A recent Steam release, Quarantine Zone: The Last Check, places players in the role of a military commander managing survivor entry in a zombie apocalypse set in New York City. The game's mechanics of screening for infections and making life-or-death decisions have prompted reflections on current U.S. immigration enforcement. While praised for its tense gameplay, the title arrives amid heightened sensitivities around border security.
Quarantine Zone: The Last Check, now available on PC via Steam, casts players as a newly arrived commander at a makeshift military base in New York City during a zombie outbreak. The core loop involves overseeing base operations, including resource management, personnel upgrades, and health protocols. However, much of the experience centers on guarding a single entry point, where players use tools like a flashlight and symptom checklists—such as bites or bloodshot eyes—to evaluate desperate survivors emerging from the infested city.
Early gameplay equips players with basic inspection methods to decide fates: admission to the safe zone, temporary quarantine, or escort to an off-screen room for execution if infection is suspected. As days progress, additional devices become available, including a rubber mallet for reflex tests and an X-ray scanner to detect concealed wounds. The game offers no cure for the zombie plague, forcing tough choices that can lead to outbreaks if errors occur, such as admitting infected individuals who turn overnight and kill others.

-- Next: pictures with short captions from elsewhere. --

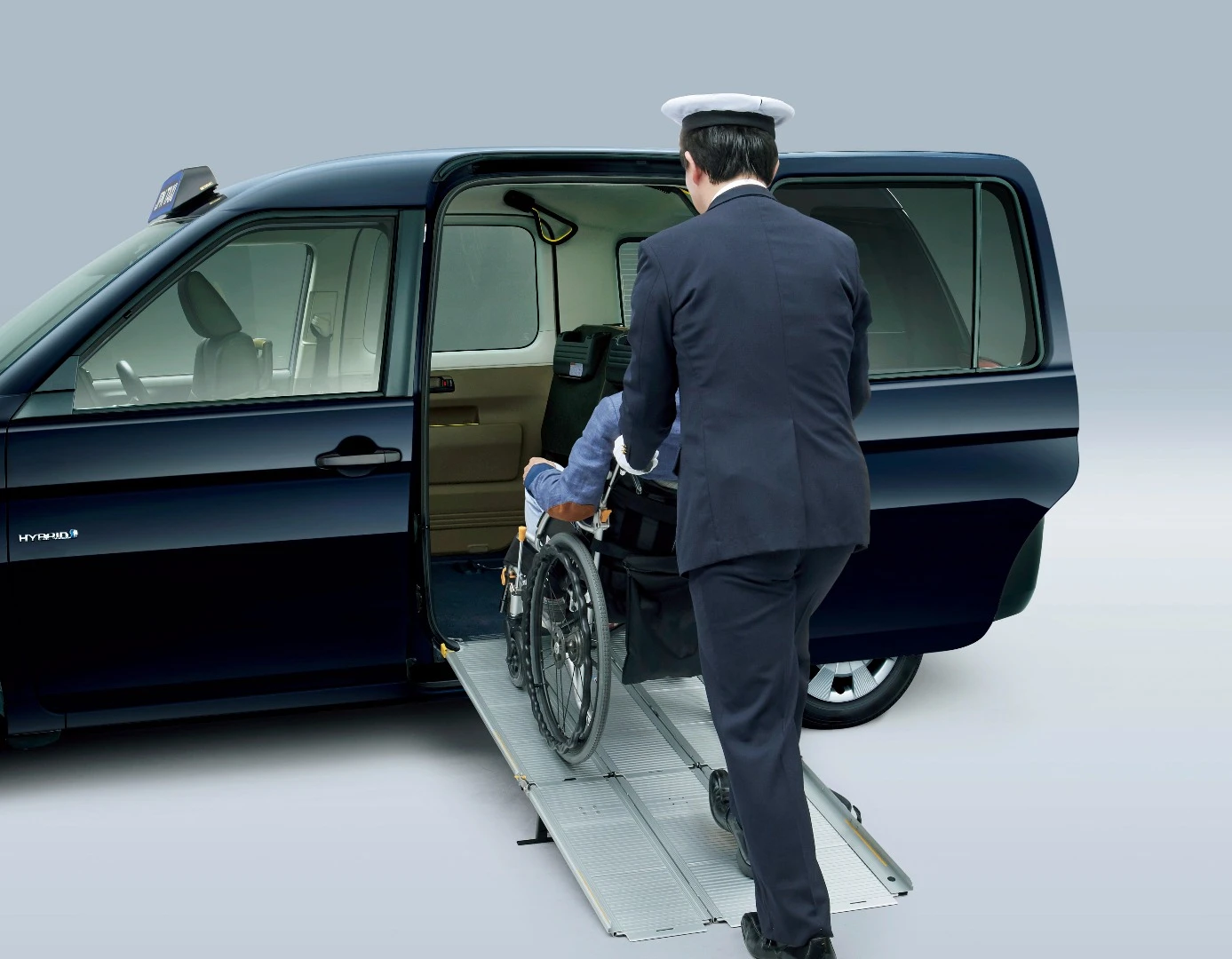 Optional wheelchair access for the JPN Taxi is illustrated here
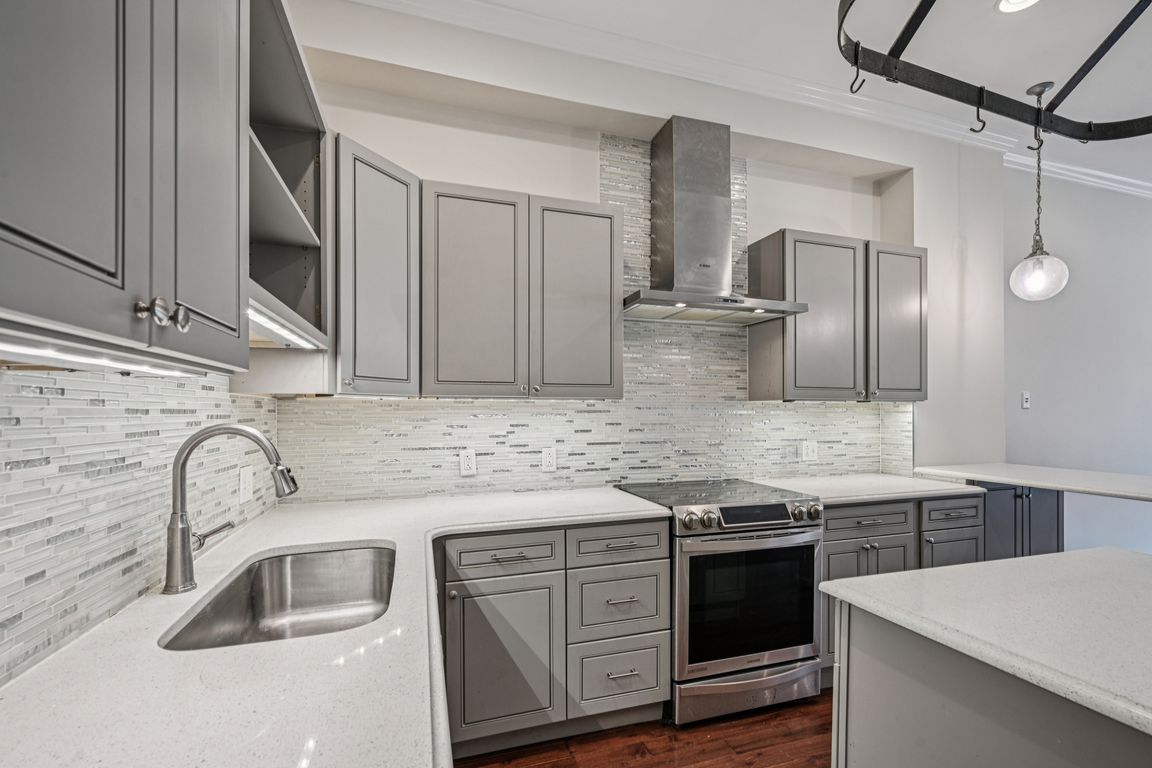 next background image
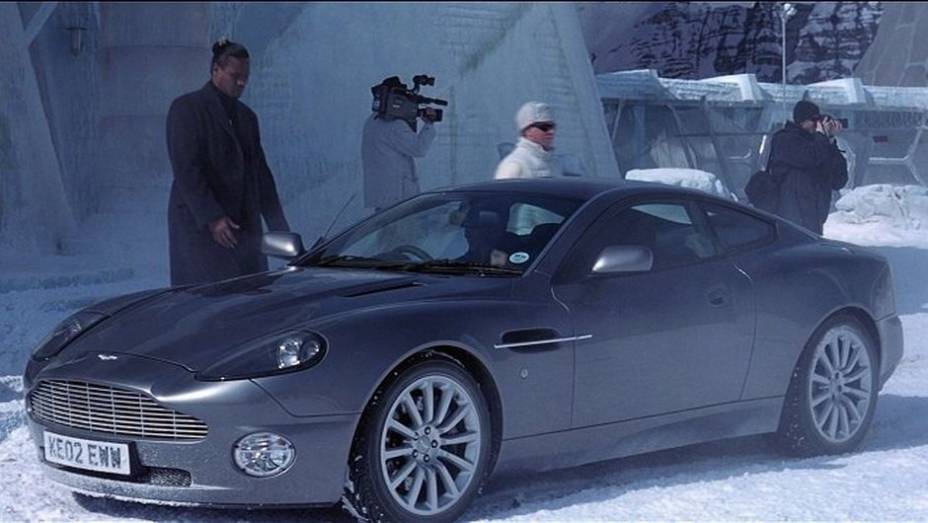 2002: A marca favorita de James Bond volta a aparecer em "007 - Um novo dia para morrer", mas agora com um modelo mais moderno. Eis o Aston Martin Vanquish. | <a href="%20https://gutenberg.quatrorodas.abril.com.br/blogs/planeta-carro/2012/11/07/licenca-para-acelerar/" rel="migration"></a>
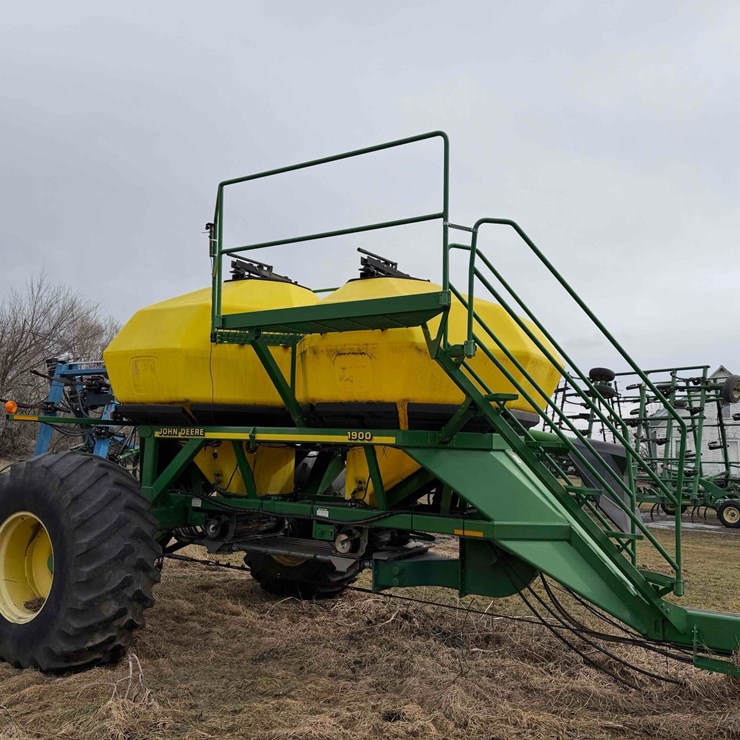 JOHN DEERE 1900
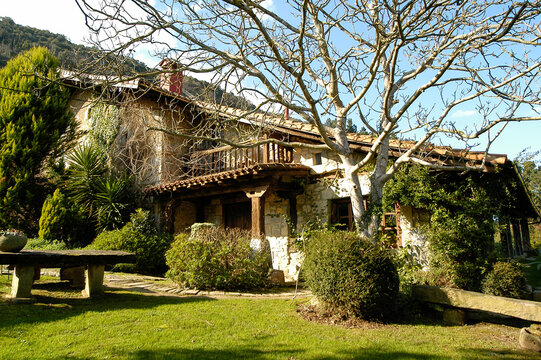 Restaurante Baserri Maitea, precioso caser&iacute;o del s. XVII en plena reserva de Urdaibai, Forua, Vizcaya, Pa&iacute;s Vasco.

Kotaku reviewer Patrick Klepek described initial reluctance to authorize executions, drawing parallels to real-world events. "I’ve spent the past few months watching President Trump’s jackbooted thugs in masks, aka ICE, grab people off the street," Klepek wrote, referencing reported ICE actions in Minnesota, including an incident where an innocent woman was shot in the face. He admitted to a personal misstep: "I let an infected person into the safe zone... They turned into a zombie overnight, and I woke up to dead survivors."
Despite these discomforts, Klepek found the mechanics engaging when disconnected from reality, noting rewards for successfully aiding survivors as the game's primary objective. "Tracking symptoms and managing a small military base... is a very tense experience," he observed. The article, published on January 13, 2026, was updated to correct the game's title from an earlier misspelling. In-game soldiers exhibit restraint during the apocalypse, a contrast the reviewer highlighted against contemporary authorities.